The Asian Cross Country Championships is a biennial regional cross country running competition for athletes from Asia. It is organised by the Asian Athletics Association and was first held in 1991 in Fukuoka, Japan. The competition has been held every two years since then, although the 2003 edition was postponed due to political conflicts within the region.

The championships comprises four races: separate senior races for men and for women, and two corresponding junior races for the sexes. Furthermore, in each of the four races athletes compete simultaneously for both individual medals and team medals. For the team competitions, the final positions of the best finishing runners from each country are combined and the team with the lowest points total wins.

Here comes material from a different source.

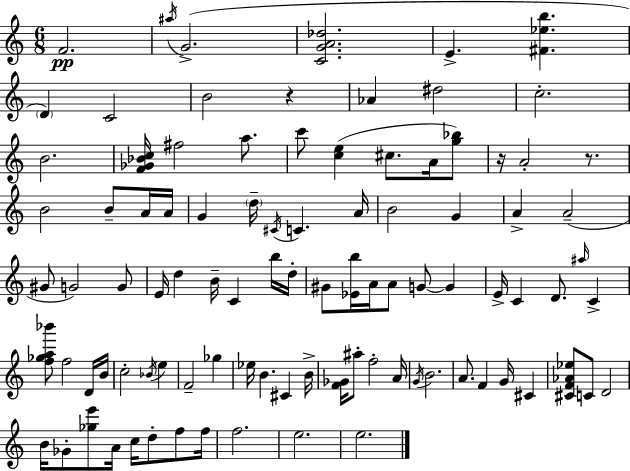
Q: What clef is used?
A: treble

Athletes and teams of Japan, China and Iran have historically been the most successful of the championships. However, Qatar and Bahrain have become increasingly dominant since 2005, led by a number of East African-born athletes who have transferred allegiance to the small Middle-Eastern states.

The 2011 edition, set for February in Kathmandu, was postponed after the Nepalese government did not provide the requisite funds needed to host the event. China took over the hosting rights and held the 11th edition the following year in Qingzhen.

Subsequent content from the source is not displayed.